Neil Brown wrote:
On Friday April 13, chris@xxxxxxx wrote:
Dear All,
I have an 8-drive raid-5 array running under 2.6.11. This morning it
bombed out, and when I brought
it up again, two drives had incorrect event counts:
sda1: 0.8258715
sdb1: 0.8258715
sdc1: 0.8258715
sdd1: 0.8258715
sde1: 0.8258715
sdf1: 0.8258715
sdg1: 0.8258708
sdh1: 0.8258716
sdg1 is out of date (expected), but sdh1 has received an extra event.
Any attempt to restart with mdadm --assemble --force, results in an an
un-startable array with an event count of 0.8258715.
Can anybody advise on the correct command to use to get it started again?
I'm assuming I'll need to use mdadm --create --assume-clean - but I'm
not sure
which drives should be included/excluded when I do this.
A difference of 1 in event counts is not supposed to cause a problem.

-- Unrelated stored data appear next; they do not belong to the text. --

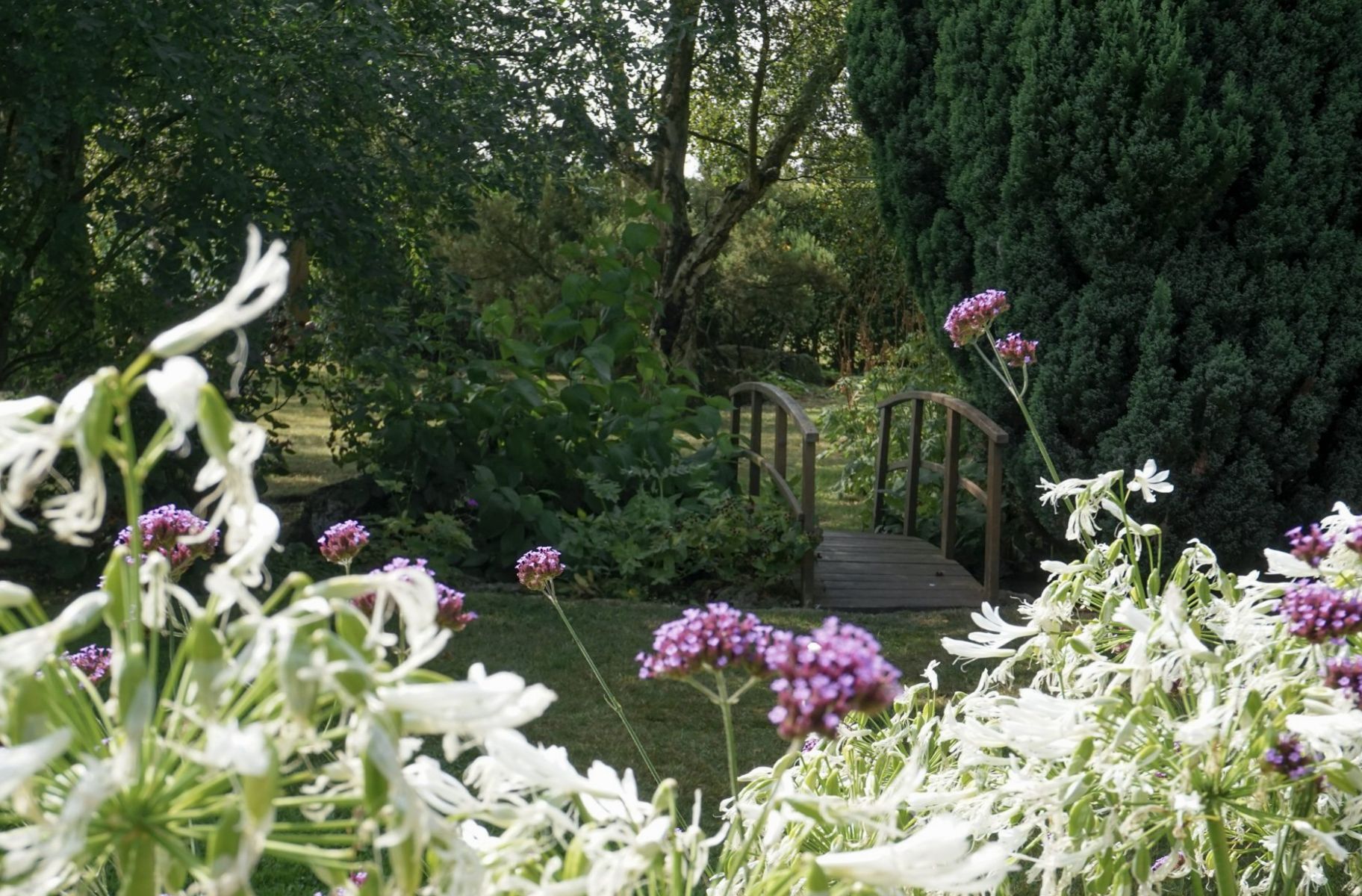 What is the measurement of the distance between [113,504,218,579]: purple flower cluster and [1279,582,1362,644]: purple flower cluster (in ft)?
3.95

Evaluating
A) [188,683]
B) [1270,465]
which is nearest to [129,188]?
[1270,465]

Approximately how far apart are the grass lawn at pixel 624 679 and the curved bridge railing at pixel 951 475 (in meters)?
0.38

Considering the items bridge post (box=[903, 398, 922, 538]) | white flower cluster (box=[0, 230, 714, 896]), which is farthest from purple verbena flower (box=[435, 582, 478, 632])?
bridge post (box=[903, 398, 922, 538])

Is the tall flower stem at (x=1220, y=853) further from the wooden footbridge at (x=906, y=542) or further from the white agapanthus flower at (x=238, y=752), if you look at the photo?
the wooden footbridge at (x=906, y=542)

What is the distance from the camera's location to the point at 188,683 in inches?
30.1

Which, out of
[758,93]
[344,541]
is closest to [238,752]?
[344,541]

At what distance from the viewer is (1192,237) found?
5.38 meters

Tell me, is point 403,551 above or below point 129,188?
below

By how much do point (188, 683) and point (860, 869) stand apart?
1.24ft

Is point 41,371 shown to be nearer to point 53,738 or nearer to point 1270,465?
point 1270,465

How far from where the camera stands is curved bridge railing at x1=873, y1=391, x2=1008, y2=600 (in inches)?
227

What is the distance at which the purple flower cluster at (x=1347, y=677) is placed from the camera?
103 centimetres

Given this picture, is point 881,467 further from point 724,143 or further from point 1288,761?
point 724,143

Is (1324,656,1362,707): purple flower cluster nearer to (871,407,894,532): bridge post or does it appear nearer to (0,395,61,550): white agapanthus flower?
(0,395,61,550): white agapanthus flower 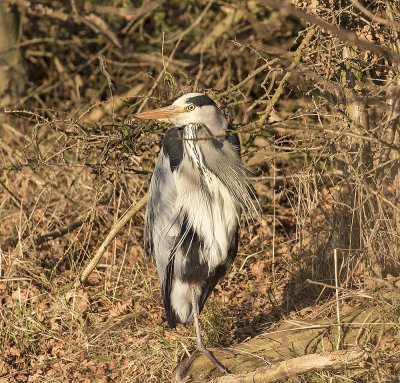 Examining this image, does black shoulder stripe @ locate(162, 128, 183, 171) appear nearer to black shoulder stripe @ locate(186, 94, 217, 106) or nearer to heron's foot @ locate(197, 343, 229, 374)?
black shoulder stripe @ locate(186, 94, 217, 106)

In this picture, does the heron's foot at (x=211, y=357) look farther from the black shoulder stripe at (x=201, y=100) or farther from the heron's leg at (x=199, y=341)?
the black shoulder stripe at (x=201, y=100)

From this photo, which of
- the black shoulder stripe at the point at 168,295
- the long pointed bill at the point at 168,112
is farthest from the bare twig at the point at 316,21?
the black shoulder stripe at the point at 168,295

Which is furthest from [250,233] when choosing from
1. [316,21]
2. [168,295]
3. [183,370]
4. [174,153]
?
[316,21]

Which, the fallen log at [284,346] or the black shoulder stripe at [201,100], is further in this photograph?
the black shoulder stripe at [201,100]

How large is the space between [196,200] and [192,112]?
53 centimetres

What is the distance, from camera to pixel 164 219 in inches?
146

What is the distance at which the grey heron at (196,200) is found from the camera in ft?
11.8

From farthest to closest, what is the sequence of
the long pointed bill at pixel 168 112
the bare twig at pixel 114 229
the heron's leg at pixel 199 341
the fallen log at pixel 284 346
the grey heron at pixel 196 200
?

Have you tried simply assembling the array without including sdg1.
e.g.
mdadm -A /dev/md0 /dev/sd[abcdefh]1
Further to this, I have tried upgrading the kernel to 2.6.17. I get the
same errors.
Don't know if it is any use, but here is the tail of an strace for an
assemble command for
both the bad system and a similar good system:
STRACE FROM ASSEMBLE - BAD ARRAY:
_llseek(4, 500105150464, [500105150464], SEEK_SET) = 0
read(4, "\374N+\251\0\0\0\0Z\0\0\0\1\0\0\0\0\0\0\0\371S\2621I\311"...,
4096) = 4096
close(4) = 0
stat64("/dev/sdi1", {st_mode=S_IFBLK|0640, st_rdev=makedev(8, 129),
...}) = 0
open("/dev/sdb1", O_RDONLY|O_EXCL) = 4
ioctl(4, BLKGETSIZE64, 0xbffdf150) = 0
ioctl(4, BLKFLSBUF, 0) = 0
_llseek(4, 500105150464, [500105150464], SEEK_SET) = 0
read(4, "\374N+\251\0\0\0\0Z\0\0\0\1\0\0\0\0\0\0\0\371S\2621I\311"...,
4096) = 4096
close(4) = 0
ioctl(3, 0x40480923, 0xbffdf2c0) = 0
ioctl(3, 0x40140921, 0xbffdf324) = 0
ioctl(3, 0x40140921, 0xbffdf324) = 0
ioctl(3, 0x40140921, 0xbffdf324) = 0
ioctl(3, 0x40140921, 0xbffdf324) = 0
ioctl(3, 0x40140921, 0xbffdf324) = 0
ioctl(3, 0x40140921, 0xbffdf324) = 0
ioctl(3, 0x40140921, 0xbffdf324) = 0
ioctl(3, 0x400c0930, 0) = -1 EIO (Input/output error)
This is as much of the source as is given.